Please report how many lines in the records below contain the word "istock", giving only that number.

→ **ENTRIES SHOWN**
Content starts
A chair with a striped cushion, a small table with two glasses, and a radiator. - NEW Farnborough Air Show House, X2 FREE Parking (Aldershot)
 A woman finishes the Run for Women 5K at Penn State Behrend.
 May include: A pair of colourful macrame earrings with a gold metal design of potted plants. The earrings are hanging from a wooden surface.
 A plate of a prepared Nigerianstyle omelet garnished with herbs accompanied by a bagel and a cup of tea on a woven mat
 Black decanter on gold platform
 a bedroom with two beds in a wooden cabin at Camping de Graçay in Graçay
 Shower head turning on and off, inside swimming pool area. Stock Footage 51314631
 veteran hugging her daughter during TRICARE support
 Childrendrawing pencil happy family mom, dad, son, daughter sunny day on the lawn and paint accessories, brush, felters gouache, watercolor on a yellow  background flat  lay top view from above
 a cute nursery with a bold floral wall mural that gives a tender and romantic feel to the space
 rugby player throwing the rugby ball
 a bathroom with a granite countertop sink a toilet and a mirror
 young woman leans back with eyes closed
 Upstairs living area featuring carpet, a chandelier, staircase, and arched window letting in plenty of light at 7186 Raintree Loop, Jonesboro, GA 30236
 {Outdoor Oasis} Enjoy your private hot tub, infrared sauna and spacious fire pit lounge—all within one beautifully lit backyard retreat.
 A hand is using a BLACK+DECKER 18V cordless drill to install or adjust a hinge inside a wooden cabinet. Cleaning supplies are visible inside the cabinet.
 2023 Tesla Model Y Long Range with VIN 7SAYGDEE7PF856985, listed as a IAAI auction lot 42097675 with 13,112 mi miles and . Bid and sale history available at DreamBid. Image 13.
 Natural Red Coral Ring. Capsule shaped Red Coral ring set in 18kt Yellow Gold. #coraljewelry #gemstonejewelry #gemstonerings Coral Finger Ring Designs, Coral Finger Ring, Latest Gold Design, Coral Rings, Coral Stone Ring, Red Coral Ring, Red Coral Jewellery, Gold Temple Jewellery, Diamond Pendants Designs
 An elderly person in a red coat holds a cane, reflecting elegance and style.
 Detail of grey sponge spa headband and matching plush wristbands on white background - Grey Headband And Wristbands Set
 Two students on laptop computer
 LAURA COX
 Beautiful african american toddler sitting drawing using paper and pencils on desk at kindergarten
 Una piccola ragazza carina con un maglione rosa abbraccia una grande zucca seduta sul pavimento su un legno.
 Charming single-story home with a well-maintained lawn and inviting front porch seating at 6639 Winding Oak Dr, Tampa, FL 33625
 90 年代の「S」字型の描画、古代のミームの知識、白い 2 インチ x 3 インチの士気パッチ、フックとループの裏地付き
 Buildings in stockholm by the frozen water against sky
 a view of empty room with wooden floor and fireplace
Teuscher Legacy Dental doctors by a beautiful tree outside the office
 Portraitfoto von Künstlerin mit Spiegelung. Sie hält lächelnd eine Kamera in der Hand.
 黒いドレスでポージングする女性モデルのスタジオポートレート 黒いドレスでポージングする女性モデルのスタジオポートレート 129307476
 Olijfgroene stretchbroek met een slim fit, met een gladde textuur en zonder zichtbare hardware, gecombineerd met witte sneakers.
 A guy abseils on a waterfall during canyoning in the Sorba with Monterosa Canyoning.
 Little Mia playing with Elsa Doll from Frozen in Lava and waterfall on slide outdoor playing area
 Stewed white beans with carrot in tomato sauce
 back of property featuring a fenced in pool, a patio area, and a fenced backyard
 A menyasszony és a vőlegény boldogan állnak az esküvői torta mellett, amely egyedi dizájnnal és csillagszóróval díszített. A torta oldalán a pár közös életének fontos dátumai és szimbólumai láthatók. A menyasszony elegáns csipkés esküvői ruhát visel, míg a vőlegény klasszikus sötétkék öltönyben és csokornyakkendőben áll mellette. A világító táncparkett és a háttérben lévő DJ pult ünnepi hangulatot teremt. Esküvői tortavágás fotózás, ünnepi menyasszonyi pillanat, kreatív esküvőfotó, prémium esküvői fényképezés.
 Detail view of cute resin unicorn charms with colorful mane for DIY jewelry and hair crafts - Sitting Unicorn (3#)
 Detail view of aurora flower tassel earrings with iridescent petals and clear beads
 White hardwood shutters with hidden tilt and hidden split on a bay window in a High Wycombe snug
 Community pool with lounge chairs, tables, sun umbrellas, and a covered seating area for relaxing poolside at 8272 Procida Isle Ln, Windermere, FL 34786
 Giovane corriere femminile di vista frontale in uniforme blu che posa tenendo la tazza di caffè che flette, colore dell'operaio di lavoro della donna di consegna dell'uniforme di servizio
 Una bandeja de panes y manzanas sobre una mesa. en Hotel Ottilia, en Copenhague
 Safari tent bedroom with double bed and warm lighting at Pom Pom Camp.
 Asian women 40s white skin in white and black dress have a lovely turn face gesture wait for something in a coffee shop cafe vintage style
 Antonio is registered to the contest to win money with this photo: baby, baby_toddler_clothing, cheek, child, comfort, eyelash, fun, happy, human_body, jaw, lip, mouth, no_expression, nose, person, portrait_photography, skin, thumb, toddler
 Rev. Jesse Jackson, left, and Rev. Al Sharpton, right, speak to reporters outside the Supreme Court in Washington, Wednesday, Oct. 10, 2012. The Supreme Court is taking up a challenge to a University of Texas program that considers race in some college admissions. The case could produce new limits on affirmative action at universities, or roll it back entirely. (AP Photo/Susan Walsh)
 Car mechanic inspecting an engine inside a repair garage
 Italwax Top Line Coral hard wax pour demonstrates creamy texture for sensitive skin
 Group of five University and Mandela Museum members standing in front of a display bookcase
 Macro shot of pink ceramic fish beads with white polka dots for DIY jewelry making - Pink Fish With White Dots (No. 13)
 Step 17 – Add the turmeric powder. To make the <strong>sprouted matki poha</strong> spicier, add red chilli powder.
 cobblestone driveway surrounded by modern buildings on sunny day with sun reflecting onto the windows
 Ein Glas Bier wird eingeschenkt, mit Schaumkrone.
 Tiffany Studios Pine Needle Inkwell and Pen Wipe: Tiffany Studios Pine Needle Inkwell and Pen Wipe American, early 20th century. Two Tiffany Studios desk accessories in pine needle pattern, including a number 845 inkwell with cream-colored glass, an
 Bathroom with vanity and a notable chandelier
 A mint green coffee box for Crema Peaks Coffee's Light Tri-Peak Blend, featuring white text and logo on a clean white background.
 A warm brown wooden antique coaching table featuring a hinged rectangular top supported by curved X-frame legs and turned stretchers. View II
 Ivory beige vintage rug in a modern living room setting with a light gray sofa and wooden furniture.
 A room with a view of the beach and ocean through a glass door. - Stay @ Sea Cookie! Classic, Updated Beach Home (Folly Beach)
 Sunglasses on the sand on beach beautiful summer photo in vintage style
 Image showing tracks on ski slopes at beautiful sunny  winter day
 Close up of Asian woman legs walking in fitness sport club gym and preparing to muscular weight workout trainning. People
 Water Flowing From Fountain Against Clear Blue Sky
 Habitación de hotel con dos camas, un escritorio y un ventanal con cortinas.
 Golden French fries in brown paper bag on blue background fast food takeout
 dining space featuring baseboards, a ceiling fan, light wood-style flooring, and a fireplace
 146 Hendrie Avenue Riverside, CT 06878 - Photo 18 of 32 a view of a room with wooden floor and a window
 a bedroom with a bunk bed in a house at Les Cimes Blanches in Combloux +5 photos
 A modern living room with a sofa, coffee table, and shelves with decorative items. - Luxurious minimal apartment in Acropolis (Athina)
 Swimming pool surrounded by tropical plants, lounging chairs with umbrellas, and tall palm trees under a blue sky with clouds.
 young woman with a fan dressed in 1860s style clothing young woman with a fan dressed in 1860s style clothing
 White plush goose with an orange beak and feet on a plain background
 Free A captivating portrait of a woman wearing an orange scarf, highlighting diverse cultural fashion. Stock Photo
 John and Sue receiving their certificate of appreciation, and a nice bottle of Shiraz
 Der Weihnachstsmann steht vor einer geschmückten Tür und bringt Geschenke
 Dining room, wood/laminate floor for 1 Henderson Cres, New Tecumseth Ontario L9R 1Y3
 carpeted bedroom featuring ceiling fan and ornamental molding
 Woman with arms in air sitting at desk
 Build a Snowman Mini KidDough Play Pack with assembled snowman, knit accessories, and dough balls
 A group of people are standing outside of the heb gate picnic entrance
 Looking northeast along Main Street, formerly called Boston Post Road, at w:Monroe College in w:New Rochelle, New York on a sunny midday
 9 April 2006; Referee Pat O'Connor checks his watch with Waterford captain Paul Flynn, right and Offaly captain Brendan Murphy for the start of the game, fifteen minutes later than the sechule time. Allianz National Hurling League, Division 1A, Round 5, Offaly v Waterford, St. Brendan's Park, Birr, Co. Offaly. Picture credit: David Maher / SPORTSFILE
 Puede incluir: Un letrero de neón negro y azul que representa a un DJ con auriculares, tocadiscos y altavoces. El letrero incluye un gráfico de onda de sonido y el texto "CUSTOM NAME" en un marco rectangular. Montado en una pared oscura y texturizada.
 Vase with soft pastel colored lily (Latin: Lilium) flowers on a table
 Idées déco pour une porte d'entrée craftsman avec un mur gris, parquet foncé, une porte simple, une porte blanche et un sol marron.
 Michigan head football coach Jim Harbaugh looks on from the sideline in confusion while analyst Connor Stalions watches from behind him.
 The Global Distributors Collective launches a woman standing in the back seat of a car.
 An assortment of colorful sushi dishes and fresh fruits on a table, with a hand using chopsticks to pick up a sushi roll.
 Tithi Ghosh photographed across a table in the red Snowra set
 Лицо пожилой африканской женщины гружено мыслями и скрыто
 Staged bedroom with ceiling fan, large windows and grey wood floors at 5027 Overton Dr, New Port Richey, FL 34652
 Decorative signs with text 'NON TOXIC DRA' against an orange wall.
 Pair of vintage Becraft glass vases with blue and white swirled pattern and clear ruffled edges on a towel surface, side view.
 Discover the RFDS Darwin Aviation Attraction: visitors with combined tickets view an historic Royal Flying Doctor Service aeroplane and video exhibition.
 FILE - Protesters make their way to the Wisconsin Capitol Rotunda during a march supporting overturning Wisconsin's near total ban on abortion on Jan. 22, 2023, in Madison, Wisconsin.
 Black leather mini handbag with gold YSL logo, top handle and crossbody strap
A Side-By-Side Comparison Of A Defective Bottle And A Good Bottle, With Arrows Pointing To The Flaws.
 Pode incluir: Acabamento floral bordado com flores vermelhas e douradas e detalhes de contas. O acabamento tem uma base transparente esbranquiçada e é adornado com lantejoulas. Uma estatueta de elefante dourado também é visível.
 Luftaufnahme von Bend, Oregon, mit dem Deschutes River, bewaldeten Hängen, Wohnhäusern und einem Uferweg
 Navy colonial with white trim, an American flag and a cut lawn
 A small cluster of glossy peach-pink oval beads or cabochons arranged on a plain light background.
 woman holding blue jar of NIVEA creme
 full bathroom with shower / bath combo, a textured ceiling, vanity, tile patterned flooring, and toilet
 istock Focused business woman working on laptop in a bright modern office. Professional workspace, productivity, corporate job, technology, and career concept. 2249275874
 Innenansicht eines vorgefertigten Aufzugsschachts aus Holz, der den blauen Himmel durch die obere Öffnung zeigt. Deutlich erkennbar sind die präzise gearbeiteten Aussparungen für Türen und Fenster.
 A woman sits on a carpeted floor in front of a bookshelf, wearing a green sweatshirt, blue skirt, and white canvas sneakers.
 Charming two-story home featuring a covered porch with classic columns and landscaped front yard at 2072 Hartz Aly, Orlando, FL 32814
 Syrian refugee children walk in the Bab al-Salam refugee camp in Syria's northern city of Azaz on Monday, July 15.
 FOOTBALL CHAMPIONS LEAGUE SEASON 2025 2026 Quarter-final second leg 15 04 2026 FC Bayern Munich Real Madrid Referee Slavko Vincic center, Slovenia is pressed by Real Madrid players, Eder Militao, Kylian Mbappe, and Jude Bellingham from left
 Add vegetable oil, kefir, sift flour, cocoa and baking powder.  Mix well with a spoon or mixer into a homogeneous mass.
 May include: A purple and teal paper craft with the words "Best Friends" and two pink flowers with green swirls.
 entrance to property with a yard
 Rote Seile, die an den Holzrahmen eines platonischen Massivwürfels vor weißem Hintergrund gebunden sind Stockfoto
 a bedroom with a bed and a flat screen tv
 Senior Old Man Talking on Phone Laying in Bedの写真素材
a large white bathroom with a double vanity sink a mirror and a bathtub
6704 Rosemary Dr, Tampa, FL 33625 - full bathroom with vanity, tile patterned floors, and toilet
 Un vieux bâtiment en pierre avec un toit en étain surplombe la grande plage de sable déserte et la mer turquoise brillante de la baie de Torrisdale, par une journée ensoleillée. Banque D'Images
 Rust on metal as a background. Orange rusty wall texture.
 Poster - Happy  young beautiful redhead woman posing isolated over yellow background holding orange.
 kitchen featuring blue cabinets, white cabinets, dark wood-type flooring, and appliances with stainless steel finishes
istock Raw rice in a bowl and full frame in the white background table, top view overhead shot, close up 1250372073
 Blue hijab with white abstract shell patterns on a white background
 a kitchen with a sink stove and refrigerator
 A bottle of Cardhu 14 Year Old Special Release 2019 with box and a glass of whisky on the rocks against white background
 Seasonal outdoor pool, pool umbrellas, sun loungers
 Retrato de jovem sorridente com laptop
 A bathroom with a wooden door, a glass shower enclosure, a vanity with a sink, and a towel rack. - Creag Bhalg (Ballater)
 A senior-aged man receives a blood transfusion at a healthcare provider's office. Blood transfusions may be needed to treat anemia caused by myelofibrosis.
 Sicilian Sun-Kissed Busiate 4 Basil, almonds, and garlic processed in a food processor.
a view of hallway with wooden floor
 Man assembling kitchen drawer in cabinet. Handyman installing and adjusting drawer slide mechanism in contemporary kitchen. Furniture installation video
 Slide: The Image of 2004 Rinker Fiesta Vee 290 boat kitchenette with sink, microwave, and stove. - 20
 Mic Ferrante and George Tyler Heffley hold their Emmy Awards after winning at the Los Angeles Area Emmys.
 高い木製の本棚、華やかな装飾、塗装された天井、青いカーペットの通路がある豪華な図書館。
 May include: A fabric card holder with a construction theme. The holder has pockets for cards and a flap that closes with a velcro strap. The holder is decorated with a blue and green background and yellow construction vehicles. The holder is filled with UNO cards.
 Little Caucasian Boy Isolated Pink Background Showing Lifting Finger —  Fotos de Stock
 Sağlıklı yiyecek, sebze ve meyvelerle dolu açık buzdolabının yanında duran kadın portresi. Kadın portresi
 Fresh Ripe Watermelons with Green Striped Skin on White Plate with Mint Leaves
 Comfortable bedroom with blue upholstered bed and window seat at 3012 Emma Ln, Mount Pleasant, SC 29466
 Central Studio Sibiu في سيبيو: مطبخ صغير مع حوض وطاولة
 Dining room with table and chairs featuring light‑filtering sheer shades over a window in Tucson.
Content ends
→ **SOLUTION**
2